Marrakech is one of those markets that generates strong opinions on both sides. Advocates point to strong rental yields, tourism growth, competitive entry prices versus Europe, and the 2030 World Cup catalyst. Sceptics point to lower liquidity than Western markets, currency risk, and a national property market that saw a 14.5% decline in transaction volumes in early 2025. Both sides have a point.

This article gives you the honest picture — not a sales pitch, not a doomsday narrative. We are practitioners who build properties in Marrakech for international clients every year, through our partnership with AE Architectes. We see the market from the inside. The verdict below reflects what the numbers actually show — and what they don't.

What this analysis covers

  • The Marrakech market in numbers: 2025 data
  • Rental yields: gross vs net reality
  • Capital appreciation: what has actually happened
  • How Marrakech compares to Southern Europe
  • The 2030 World Cup effect
  • Real risks — honestly assessed
  • Why building beats buying for serious investors
  • Our honest verdict

The Marrakech market in numbers: 2025

3–7% Annual price appreciation Established areas, 2024
19.8M Tourist arrivals in Morocco 2024, 40% via Marrakech
−50% vs Southern Europe entry price Comparable villa markets

The headline figures are positive — but context matters. The 7% gross yield figure is a market average that includes everything from city-centre apartments to premium Palmeraie villas. The properties that achieve this yield are not the cheapest properties in the market. A well-designed, well-positioned premium villa with a pool in an established area, managed professionally, will achieve this. A poorly located, indifferently managed property will significantly underperform.

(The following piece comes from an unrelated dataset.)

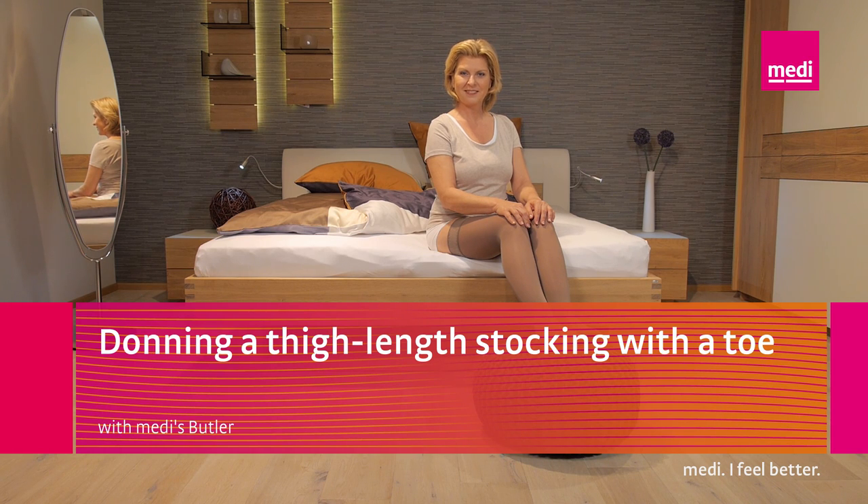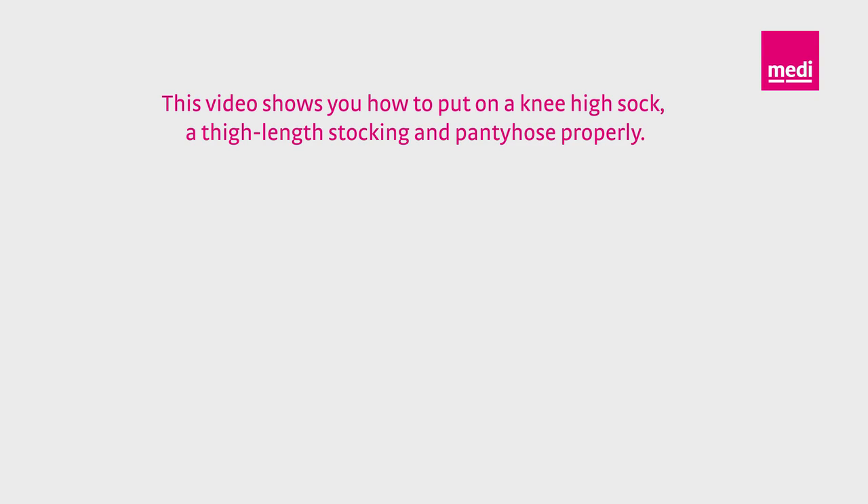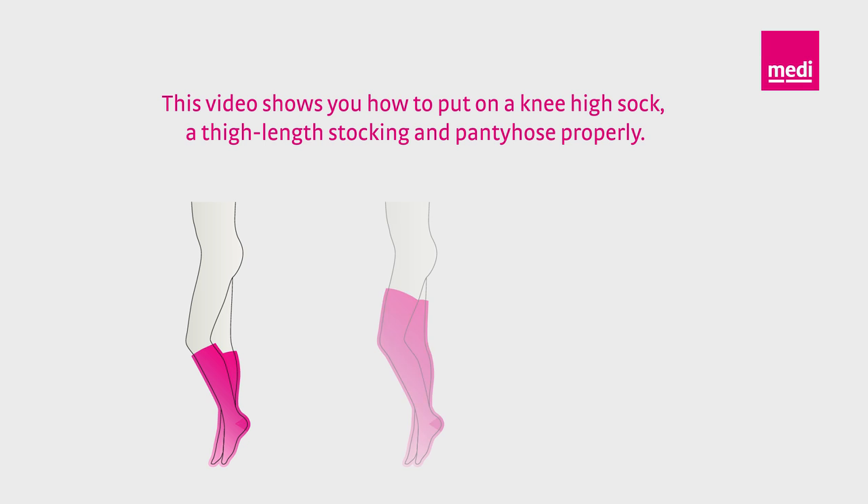How do you put on your Medi-Ven compression stockings properly with a Medi-Butler? This video clip will give you some valuable tips, because it's really easy once you know how. This video shows you how to put on a knee-high sock, a thigh-length stocking, and pantyhose properly.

The national transaction volume decline of 14.5% in early 2025 reflects a market-wide cooling — higher interest rates in Morocco (the benchmark rate held at 2.75%), tighter mortgage conditions for foreigners, and some post-pandemic demand normalisation. Marrakech has been more resilient than the national average, with prices continuing to rise in the luxury and premium segments, but it is not immune to broader macroeconomic conditions.

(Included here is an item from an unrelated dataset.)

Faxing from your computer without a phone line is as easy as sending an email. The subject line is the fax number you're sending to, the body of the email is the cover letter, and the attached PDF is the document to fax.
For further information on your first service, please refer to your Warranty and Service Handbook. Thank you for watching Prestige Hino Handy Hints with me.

Rental yields: the reality behind the headline

The 7 to 12% gross yield figures you see in property marketing are real — but they tell an incomplete story. Here is the full picture.

Property Type Gross Yield Management & Maintenance Net Yield (est.) Income Tax
Premium villa, Palmeraie (STR) 6 – 9% ~25% of revenue + 1–2% maintenance 4 – 6% Progressive rate after 40% deduction
Premium villa, Palmeraie (LTR) 4 – 6% ~10% management + 1% maintenance 3 – 5% Lower effective rate, stable income
Riad, Medina (STR boutique) 8 – 12% ~30% management + 3–5% maintenance 4 – 7% Plus tourist accommodation licence
Apartment, Guéliz / Hivernage 5 – 8% ~15% management + 0.5% maintenance 4 – 6% Lower costs, good liquidity
STR = short-term rental. LTR = long-term rental. Net yield estimates before personal income tax. Moroccan tax applies a 40% expense deduction before progressive income tax on rental income.

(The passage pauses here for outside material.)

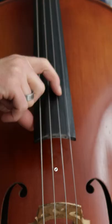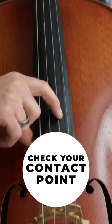Number four: check your contact point. To get a clear sound, make sure you are not getting too close to the bridge. Most, if not all, pizzicato happens over the fingerboard.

The honest net yield range for most well-managed Marrakech rental properties is 3 to 7% after management and maintenance costs — before income tax. This compares very favourably with equivalent Southern European markets where net yields of 3 to 4% are considered strong, but it is not the 10 to 12% headline figures some marketing material implies.

Moroccan rental income tax applies a 40% flat deduction for expenses before taxing the balance at progressive rates. For non-residents, the effective tax rate on net rental income typically runs between 10 and 20%, depending on total income levels. Double taxation treaties between Morocco and the UK, France, Belgium, and Canada generally prevent double taxation on the same income.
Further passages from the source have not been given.